Audiologists’ feedback further supports the clinical viability of remote programming. Clinicians reported no substantial difficulties in communication, application handling, or access to necessary programming tools, and they consistently rated the sessions as acceptable, reliable, and efficient. These observations corroborate previous findings indicating positive professional acceptance of remote implant programming and its equivalence to in-person care from the provider perspective [5,10,14,23,24,26].

Taken together, the present findings align with and extend earlier research demonstrating that remote cochlear implant programming is safe [10,11], practical, and effective compared to in-person sessions [14,22,23]. By reducing travel burden and associated costs, remote programming may offer a cost-effective solution, particularly for individuals with limited mobility or those residing far from specialized centers [11], thereby contributing to more equitable access to specialized hearing healthcare services.

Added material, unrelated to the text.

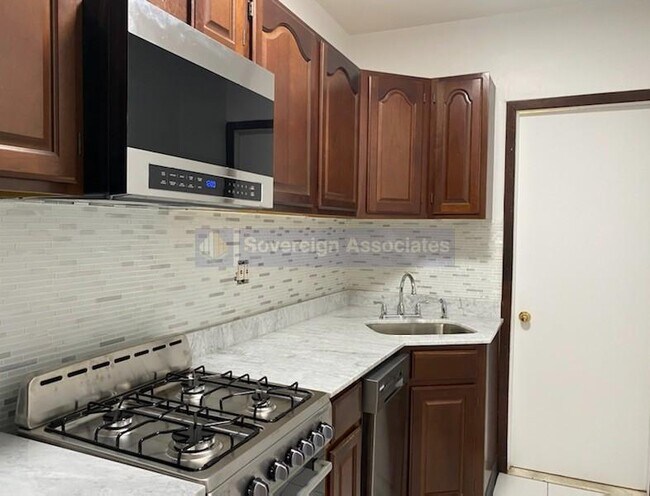 Building Photo - 304 West 107th Street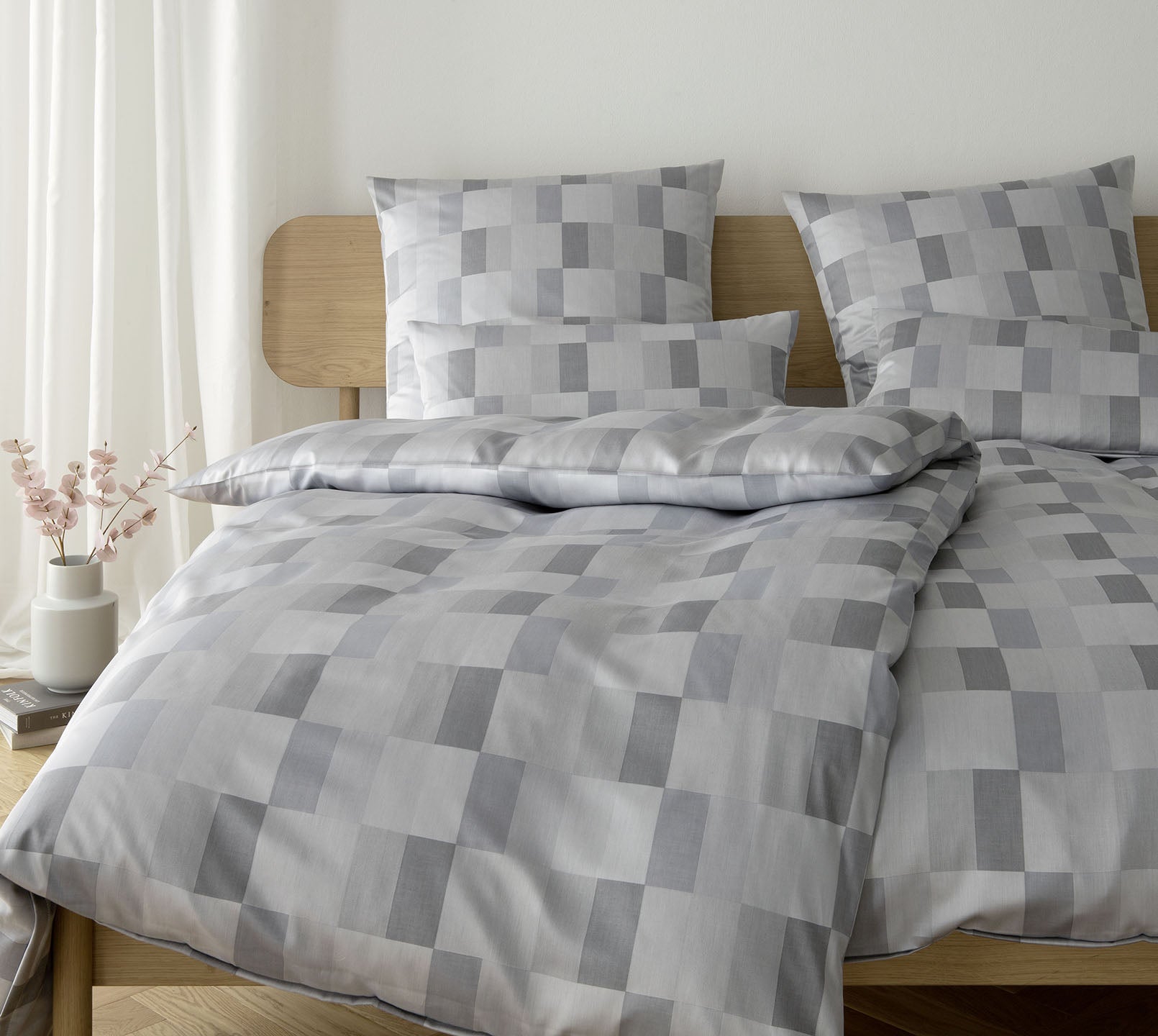 Jacquard Bettwaesche Piazza in Grau Karos Schlafzimmer #farbe_Silbergrau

Despite these strengths, some limitations must be acknowledged. The sample size was small, and participant withdrawal limited the scope of statistical analyses. In addition, the study population consisted predominantly of experienced cochlear implant users with relatively good speech recognition, which may restrict the generalizability of the findings. Future studies with larger samples are warranted to determine the effectiveness of this technology among new users and among individuals with poorer speech-recognition performance. Further research should also explore the relationship between speech recognition outcomes and the need for in-person support during remote implant programming, as well as assess long-term outcomes and sustained adoption of this model of care.

Conclusions

Remote programming can be successfully used for cochlear implant follow-up in Chile. Its efficacy was comparable to in-person programming, as evidenced by equivalent speech-perception scores and satisfaction ratings reported by cochlear implant recipients. The ability to provide standard remote programming care in real-time has the potential to significantly reduce the burden of in-person visits and increase equity in access to implant follow-up.